To report an issue in a GNOME project, go to GNOME GitLab.
Do not go to GNOME Gitlab for: Bluefish, Doxygen, GnuCash, GStreamer, java-gnome, LDTP, NetworkManager, Tomboy.

Bug 702724 - first-class miniobjects/API for mpeg-ts related SI (Service Information)


Summary:	first-class miniobjects/API for mpeg-ts related SI (Service Information)


Status:	RESOLVED FIXED

Product:	GStreamer
Classification:	Platform
Component:	gst-plugins-bad
Version:	git master
Hardware:	Other Linux

Importance:	Normal enhancement
Target Milestone:	1.1.2
Assigned To:	GStreamer Maintainers
QA Contact:	GStreamer Maintainers

URL:
Whiteboard:

Duplicates:	702725 (view as bug list)
Depends on:
Blocks:

Reported:	2013-06-20 09:48 UTC by Edward Hervey
Modified:	2013-07-03 07:19 UTC

See Also:
GNOME target:	---
GNOME version:	---

Description Edward Hervey 2013-06-20 09:48:08 UTC

Several issues arise right now in regards to handling mpeg-ts/DVB SI.

1) performance

  In order for the various SI to be usable by applications, we currently parse and store them in GstStructures using generic GValue (uint, string, arrays, lists, ...). This represents over 95% of the cost of parsing those SI !
  And the parsing is equally as expensive.

2) Using glib deprecated items.

  GValueArray is deprecated in glib (sigh) and is ill-suited for the kind of arrays/collection we want to expose/use.

3) Usability

  If we want to later allow apps to "inject" SI into mpegtsmux, they need to know exactly the topology of the structure to inject.
  Instead of that, there should be a clear API with structures to fill in.
  In addition, apps need to know what field they should extract, what the type should be, ....

======

 To this end, I think we should switch to a public API for the various mpeg-ts SI along with registered mini-objects.
 Ideally this should be supported by g-i also (which should work if we register boxed GType for each of them).

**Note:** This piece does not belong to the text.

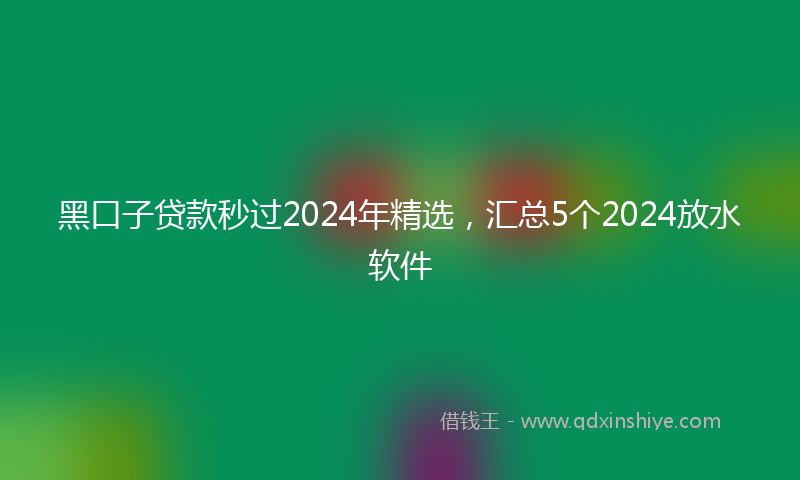 黑口子贷款秒过2024年精选，汇总5个2024放水软件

The "hierarchy" could look something like this:

GstMiniObject
  +-- MpegTSSection
     +-- MpegTSPAT
     +-- MpegTSNIT
     +-- MpegTSEIT
      .....

MpegTSSection {
  GstMiniObject parent;

  gint16   pid;
  guint8   table_id;
  guint16  subtable_extension;
  guint8   version_number;
  guint8   current_next_indicator;
  guint8   section_number;
  guint8   last_section_number;
  guint32  crc;
}

MpegTSPAT {
  MpegTSSection parent;

  guint16  transport_stream_id;
  guint16  nb_programs;
  ....
}


In addition, we could expose descriptors in a cleaner way (avoiding string copies also)

GstMpegTSDescriptors {
  const guint8 *backing_string;
  guint nb_descriptors;
  GstMpegTSDescriptor descriptors[]; /* Null-terminated array */
}

GstMpegTSDescriptor {
  guint8 descriptor_tag;
  guint8 descriptor_length;
  const guint8* descriptor_content; /* pointer to descriptors->backing_string */
}

and expose the various macros to parse them.

Comment 1 Edward Hervey 2013-06-20 09:52:49 UTC

*** Bug 702725 has been marked as a duplicate of this bug. ***

Comment 2 Edward Hervey 2013-06-20 09:56:22 UTC

This could maybe be added to gst-libs/gst/codecparsers/ 

Importantly:
1) We still want apps to be able to get as much as information from possible
2) We want apps to be able to easily use that information
3) We want apps to be able to create/inject SI
4) Way way way better performance

I know this might break behaviour (no longer using structures) but it's (luckily) in -bad so ABI/API can change.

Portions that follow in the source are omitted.